Yesterday was the first Friday in May, so the first Sunset Singing Circle of 2019. I only discovered it a few years ago but it started in 2002. Battery Park City started it as a response to 9/11, renewal through song. I was going to say that Terre Roche has been leading it since then but I’m not sure that’s true. Terre, is it? She’s certainly been leading it for almost the entire time. It’s held in Robert Wagner Jr. Park. Terre and friends play instruments, Battery Park City provides songbooks and yoga mats, and whoever wants to can sing. Yesterday was Pete Seeger’s birthday and Pete always said that singing wasn’t something you listen to, it’s something you do. At the singing circle we all sing, we all bond, we all feel better. We become a community, e pluribus unum.
As the earth moves in its orbit around the sun we feel a need to note landmarks so we can say, “We’ve been here before.” Some are holidays, some are personal, but we all observe some of them. For me there’s New Year’s Day, opening day of the baseball season, Pesach, The Sunset Singing Circle, Clearwater, my birthday, Falcon Ridge, The World Series, Thanksgiving, Caroling with Terre, The Robinson Rohe Christmas show, and ending where we began with New Year’s Eve.
Terry Pratchett understood man’s relationship with reality as well as anyone. In Hogfather the Auditors try to destroy the Hogfather, the Santa Claus of Discworld. We are told that if they succeed the sun won’t rise tomorrow. They are foiled. When asked what would have happened if they succeeded we are told that a ball of incandescent gas would have come up over the horizon. The event would be stripped of meaning. It’s not objective reality, but it’s subjective reality, all that we directly experience. These landmarks in the year are not set in stone, they don’t follow natural law, but they bind our personal cosmos. I went to my first Singing Circle of the year, I passed a milestone, I know where I am.

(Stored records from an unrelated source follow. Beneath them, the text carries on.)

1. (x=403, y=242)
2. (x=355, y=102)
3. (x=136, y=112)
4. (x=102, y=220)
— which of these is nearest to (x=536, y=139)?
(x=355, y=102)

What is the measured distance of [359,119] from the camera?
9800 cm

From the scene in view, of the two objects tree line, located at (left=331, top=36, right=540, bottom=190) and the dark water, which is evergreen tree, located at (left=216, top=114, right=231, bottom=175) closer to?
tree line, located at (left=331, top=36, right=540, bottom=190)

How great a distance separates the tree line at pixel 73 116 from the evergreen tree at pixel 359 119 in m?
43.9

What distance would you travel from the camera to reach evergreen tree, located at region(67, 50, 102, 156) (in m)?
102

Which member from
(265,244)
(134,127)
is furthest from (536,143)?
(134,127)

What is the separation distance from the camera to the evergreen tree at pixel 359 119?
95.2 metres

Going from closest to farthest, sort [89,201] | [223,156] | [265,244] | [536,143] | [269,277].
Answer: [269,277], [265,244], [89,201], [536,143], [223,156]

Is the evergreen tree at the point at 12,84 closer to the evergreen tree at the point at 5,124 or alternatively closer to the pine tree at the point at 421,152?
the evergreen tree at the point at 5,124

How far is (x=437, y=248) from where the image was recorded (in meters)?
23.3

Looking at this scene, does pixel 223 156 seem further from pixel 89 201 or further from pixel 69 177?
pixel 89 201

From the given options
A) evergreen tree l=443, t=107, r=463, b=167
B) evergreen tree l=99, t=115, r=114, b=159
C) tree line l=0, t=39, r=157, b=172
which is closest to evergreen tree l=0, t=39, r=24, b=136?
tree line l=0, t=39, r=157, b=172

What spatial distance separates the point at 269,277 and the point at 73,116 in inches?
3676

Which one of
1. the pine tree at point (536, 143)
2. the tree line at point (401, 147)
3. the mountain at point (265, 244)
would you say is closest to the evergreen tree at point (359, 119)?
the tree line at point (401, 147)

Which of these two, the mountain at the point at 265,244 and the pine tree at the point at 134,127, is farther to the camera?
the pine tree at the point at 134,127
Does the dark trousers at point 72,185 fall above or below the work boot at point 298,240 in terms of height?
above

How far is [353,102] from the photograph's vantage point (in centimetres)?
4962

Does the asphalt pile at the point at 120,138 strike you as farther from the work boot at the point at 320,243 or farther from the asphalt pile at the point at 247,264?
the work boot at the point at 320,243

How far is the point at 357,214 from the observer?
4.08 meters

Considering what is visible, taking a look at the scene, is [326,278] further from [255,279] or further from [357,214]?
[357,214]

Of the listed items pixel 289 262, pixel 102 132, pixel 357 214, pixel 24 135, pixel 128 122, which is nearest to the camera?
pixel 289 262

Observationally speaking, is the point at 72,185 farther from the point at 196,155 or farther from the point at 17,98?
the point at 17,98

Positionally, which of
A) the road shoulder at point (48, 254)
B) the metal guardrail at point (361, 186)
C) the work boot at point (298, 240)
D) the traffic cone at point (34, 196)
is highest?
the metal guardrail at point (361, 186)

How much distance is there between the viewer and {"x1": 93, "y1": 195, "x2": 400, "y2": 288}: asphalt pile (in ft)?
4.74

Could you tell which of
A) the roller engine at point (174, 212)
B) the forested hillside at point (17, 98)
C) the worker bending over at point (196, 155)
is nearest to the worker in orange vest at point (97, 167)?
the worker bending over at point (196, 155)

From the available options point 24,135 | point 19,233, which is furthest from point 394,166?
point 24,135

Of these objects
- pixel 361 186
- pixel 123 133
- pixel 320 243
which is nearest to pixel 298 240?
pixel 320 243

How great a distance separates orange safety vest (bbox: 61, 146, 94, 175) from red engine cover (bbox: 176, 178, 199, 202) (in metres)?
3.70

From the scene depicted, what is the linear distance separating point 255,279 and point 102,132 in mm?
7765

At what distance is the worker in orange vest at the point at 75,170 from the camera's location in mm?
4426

The weather was cold and dank. We couldn’t see the sun, let alone the sunset. The crowd was sparse. That made it more intimate. People shout out what song they want to sing next. I usually chime in at the beginning when people are shy to keep things moving then let others make their suggestions. With so few people I got to make many suggestions. There is a balance. For the first time ever I arrived late, all of a minute, but that meant they had started singing. Lucky for me it was a song I knew so I didn’t have to find it in the book; I could just start singing. It was Where Have All the Flowers Gone in honor of Pete Seeger’s 100th birthday. I suggested we follow it with Turn Turn Turn. Later we did If I Had a Hammer. We always end with Goodnight Irene. It was the Weavers that had the first hit with that. Pete’s spirit filled the singing.

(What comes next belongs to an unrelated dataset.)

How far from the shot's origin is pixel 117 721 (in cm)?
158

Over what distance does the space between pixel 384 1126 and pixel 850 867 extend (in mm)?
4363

I come to the circle straight from therapy and I tried something different this time. I usually take the 4 train to Bowling Green and then look for a place to eat. This time I searched online while I was still in Grand Central Station. I found that there is a barbecue restaurant in Brookfield Place so I got off at Fulton Street and walked over there. The pulled pork was excellent and the corn fritters with honey chili dipping sauce great. I just checked on my Google Maps timeline, it was Might Quinn Barbecue. From there I walked along the water to Wagner Park. This is going to be my routine for now on. Maybe I can talk Fred into joining me next time. Of course next week will be the day after my surgery so I’m not sure if I’ll be up to that much activity. I’m going to play it by ear. I’m usually resilient so I’m optimistic.
I should mention therapy; it was only my second session in the last 7 weeks. My therapist had to cancel three times, I had to cancel once, and there was Good Friday. I had a lot to talk about. Much of it was taken up with my healthcare progress. The progress is not about my physical health, but my mental health; I was able to deal with the setbacks and adversity dealing with my insurance. That’s the difficult part for me. Having surgery is easy, taking care of the possibility of not being insured is hard. I fear, fear itself. I have confidence is my doctors and I even have confidence with my ability to deal with physical problems and even death. My psyche follows its own rules.
I woke up a few times last night with unprovoked anxiety attacks. I was not thinking of anything; I was just extremely anxious. I could feel that tightening in the pit of my stomach. I had to meditate to get out of it. I had the presence of mind to check something that I had long suspected. When I first got the crippling anxiety attacks, the thinking you are having a heart attack kind, I found that I could hardly move. If I tried to move quickly I was winded. I couldn’t handle stairs. I felt the way I imagined my mother did when she had heart failure. I was not getting enough blood. I figured that instead of having the usual reaction to fight or flight hormones, the heart pounding and pulse quickening, I was having the opposite. I recently discovered that my phone has a health monitoring app that amongst other things can take my pulse. I took my pulse as I was in the middle of the attack last night. It was 60 beats per minute. I’m normally in the mid to high 70s. My psyche doesn’t just do its own thing, my body does too. I am going to have to discuss this with my psychiatrist. It might have bearing on my diagnosis.
I better finish this up as I’m going into Brooklyn soon. I should have lots to write about tomorrow.